A recent article by Jennifer Block, author of the book Pushed which takes a close look at C-sections in America, highlights the disparity between what we as a country spend on maternity health care and what we receive, based on outcomes like maternal and neonatal morbidity and mortality and the premature birth rate. With a price tag of $86,000,000,000 in the year 2006, for an average cost of about $21,000 per birth, we should be getting better results than we are. I understand that a lot of that money goes to help babies who are born too early, and I don’t begrudge the amount it takes to save a life; however, I do wonder why we have so many babies being born too early.

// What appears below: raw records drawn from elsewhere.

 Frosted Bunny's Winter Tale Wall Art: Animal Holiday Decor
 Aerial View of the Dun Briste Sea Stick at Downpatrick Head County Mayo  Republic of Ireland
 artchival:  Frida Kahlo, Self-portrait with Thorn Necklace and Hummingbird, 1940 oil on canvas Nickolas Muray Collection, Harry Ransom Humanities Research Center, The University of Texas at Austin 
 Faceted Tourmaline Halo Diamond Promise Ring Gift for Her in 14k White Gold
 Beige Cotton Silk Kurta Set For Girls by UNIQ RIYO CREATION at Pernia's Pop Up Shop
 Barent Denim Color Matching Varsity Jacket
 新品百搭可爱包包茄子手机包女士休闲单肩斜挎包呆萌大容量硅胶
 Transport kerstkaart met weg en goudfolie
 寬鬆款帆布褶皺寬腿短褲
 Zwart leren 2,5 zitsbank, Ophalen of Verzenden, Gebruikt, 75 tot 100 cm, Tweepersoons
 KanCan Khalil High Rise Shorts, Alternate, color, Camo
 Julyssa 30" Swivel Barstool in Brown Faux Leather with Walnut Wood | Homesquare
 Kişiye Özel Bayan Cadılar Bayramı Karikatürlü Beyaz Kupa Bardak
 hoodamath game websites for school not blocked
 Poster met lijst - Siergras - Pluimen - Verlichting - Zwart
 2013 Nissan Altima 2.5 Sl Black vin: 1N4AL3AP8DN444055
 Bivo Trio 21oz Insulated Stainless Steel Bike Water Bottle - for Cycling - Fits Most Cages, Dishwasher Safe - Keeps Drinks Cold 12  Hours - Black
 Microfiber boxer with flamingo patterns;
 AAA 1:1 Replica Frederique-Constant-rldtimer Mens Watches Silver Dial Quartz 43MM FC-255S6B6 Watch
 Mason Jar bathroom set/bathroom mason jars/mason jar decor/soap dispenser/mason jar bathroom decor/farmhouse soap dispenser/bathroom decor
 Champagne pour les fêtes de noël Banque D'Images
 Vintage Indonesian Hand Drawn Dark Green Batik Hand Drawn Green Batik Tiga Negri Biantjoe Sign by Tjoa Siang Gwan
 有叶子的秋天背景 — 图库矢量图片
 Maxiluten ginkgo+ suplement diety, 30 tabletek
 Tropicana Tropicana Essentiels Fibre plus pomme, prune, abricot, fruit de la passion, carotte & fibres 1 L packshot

Why do we have such dismal results, when we spend so much? — according to the article, we spend twice per capita of what other countries spend, but we are far behind them when it comes to results.
The answer, according to Ms. Block, is to increase the number of midwives, both in and out of hospitals. She notes that 100 midwives saved the state of Washington an estimated $2.7 million over the course of two years; which also reminds me of this midwife I’d previously read about, who works in Washington, D.C., and keeps her funding by noting how much money they have actually saved by going low-cost and low-tech, while getting results that are twice as good as average.
Part of the reason for the midwives’ good results is the much lower use of C-sections, which are expensive, especially when compared to out-of-hospital vaginal birth (mine cost about $3000 apiece for all prenatal care and everything). When a midwife attends a home birth, all the care is included in a single fee, rather than billing for the monitoring of the baby, the after-baby care, the postpartum checkups, etc. One thing that surprises me about getting a bill from the hospital is that often that’s not all there is to it — there’s one from the doctor, the anesthesiologist, and the hospital, and possibly extras for other services rendered, depending on the circumstances.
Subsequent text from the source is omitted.